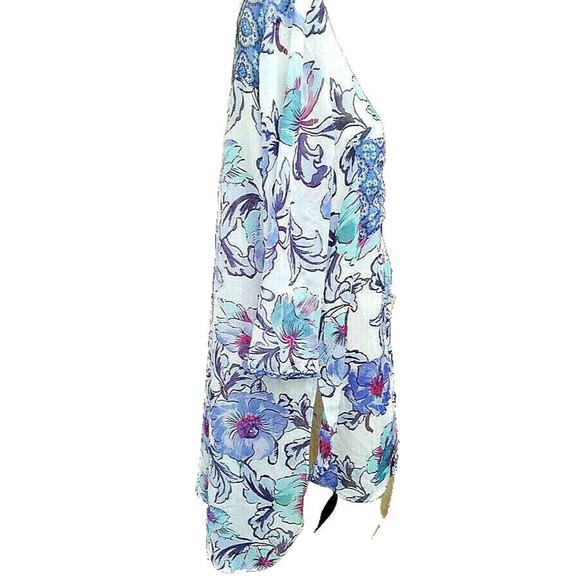 HOPE SPRINGS XL Tunic Oversized Sl Sheer Blue Floral Long Boho Hippie - Picture 2 of 10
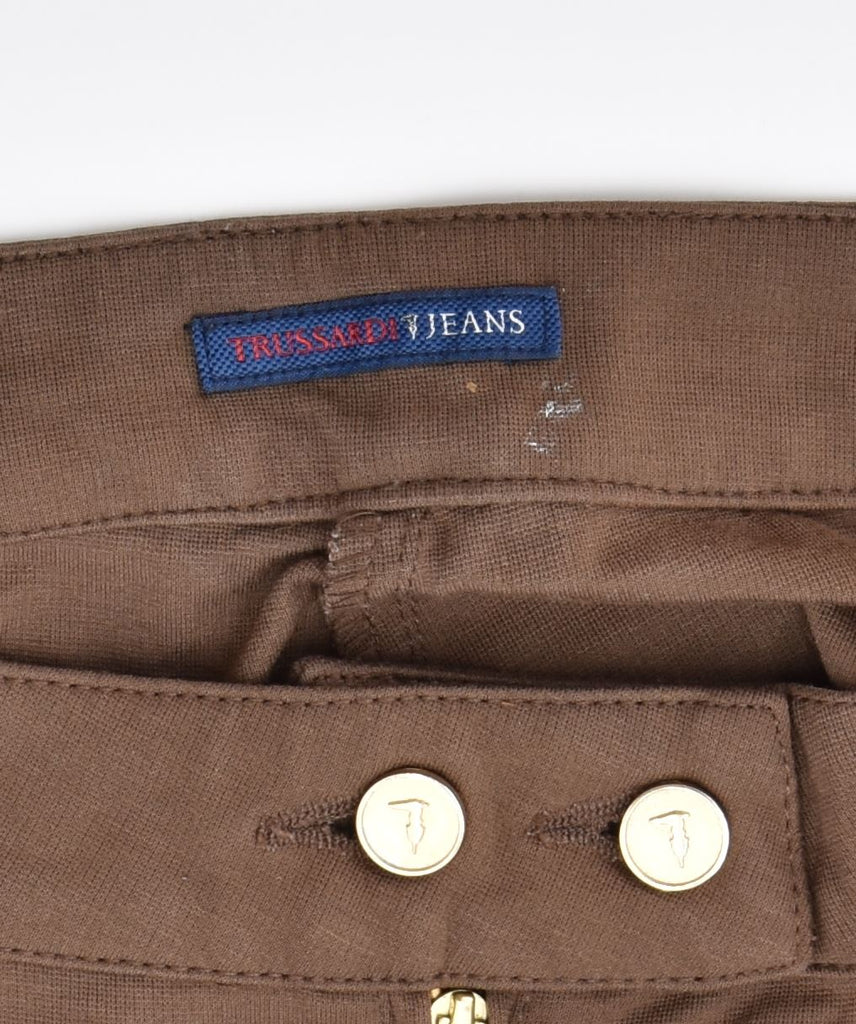 TRUSSARDI Womens Slim Fit Casual Trousers W28 L28 Brown Viscose | Vintage | Thrift | Second-Hand | Used Clothing | Messina Hembry 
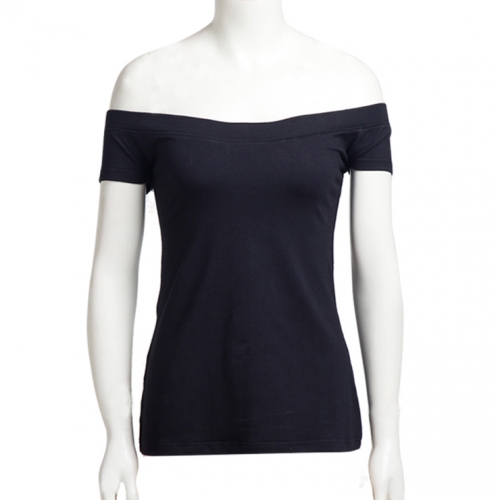 Pure Black Off Shoulder Fitted T-shirt N13052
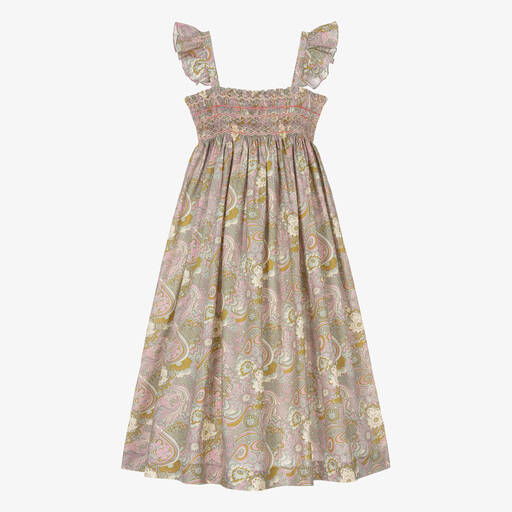 Bonpoint-Teen Girls Green Liberty Print Smocked Dress | Childrensalon Outlet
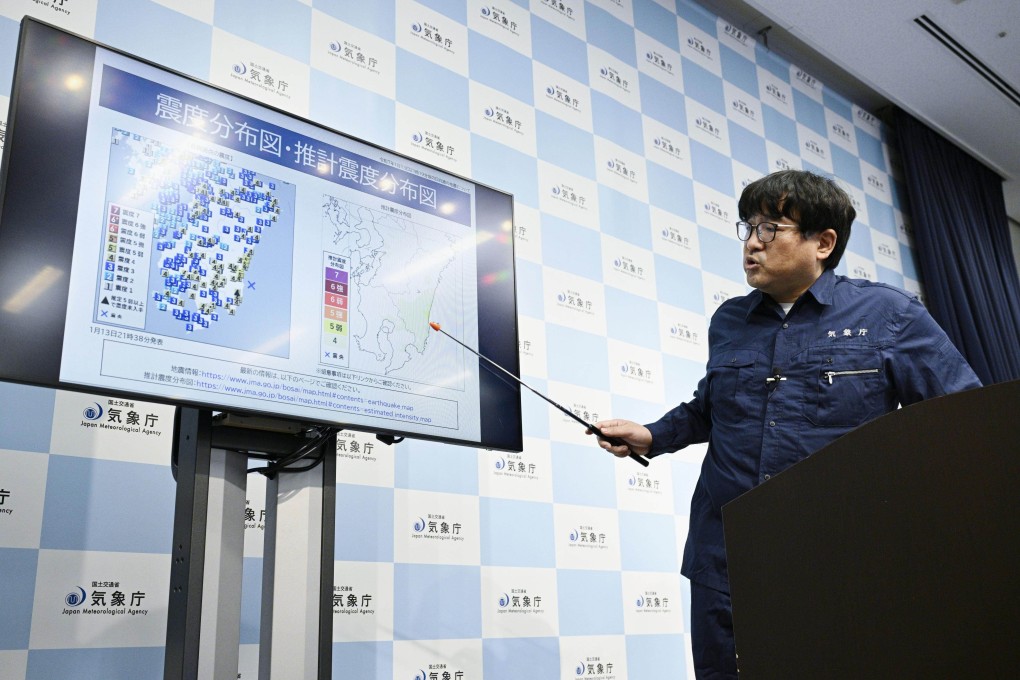 A Japan Meteorological Agency official holds a press conference in Tokyo on Monday night, following the earthquake off Miyazaki prefecture in southwestern Japan. Photo: Kyodo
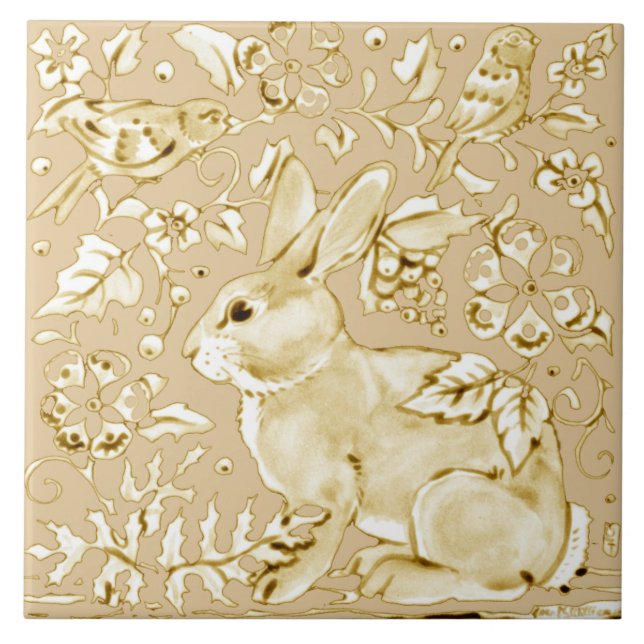Carreau Lapin Lapin Boeuf Beige Oiseau Flore Feuilles Scro (Devant)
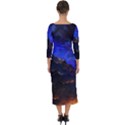 Landscape-sci-fi-alien-world Quarter Sleeve Midi Bodycon Dress View2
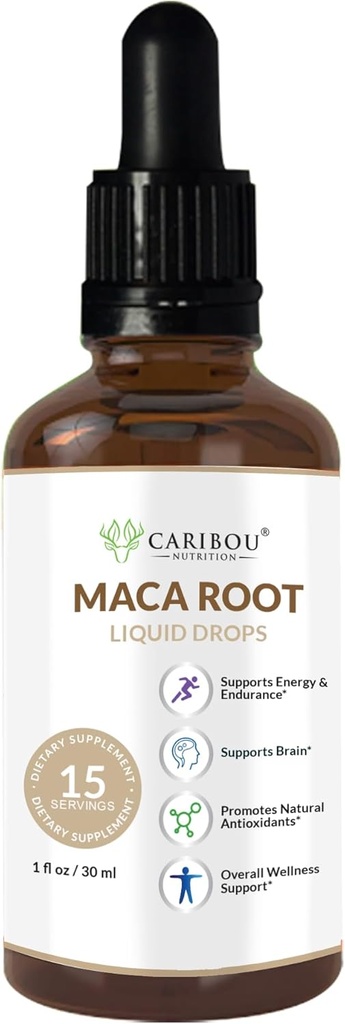 Maca juured Vedelad orgaanilised tilgad | Maca juure ekstrakt | Maca täiendus täiustatud meeleolule ja elujõule | Vegan, mitte-GMO, gluteeni ja alkoholivaba | 1 Fl Oz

---

**What you should do:** Exact copy, pictures excluded: every line above from the one containing "TRUSSARDI Womens Slim" to the one containing "Bonpoint-Teen Girls Green", inclusive, and nothing more.

**Answer area:**
 TRUSSARDI Womens Slim Fit Casual Trousers W28 L28 Brown Viscose | Vintage | Thrift | Second-Hand | Used Clothing | Messina Hembry 
 Pure Black Off Shoulder Fitted T-shirt N13052
 Bonpoint-Teen Girls Green Liberty Print Smocked Dress | Childrensalon Outlet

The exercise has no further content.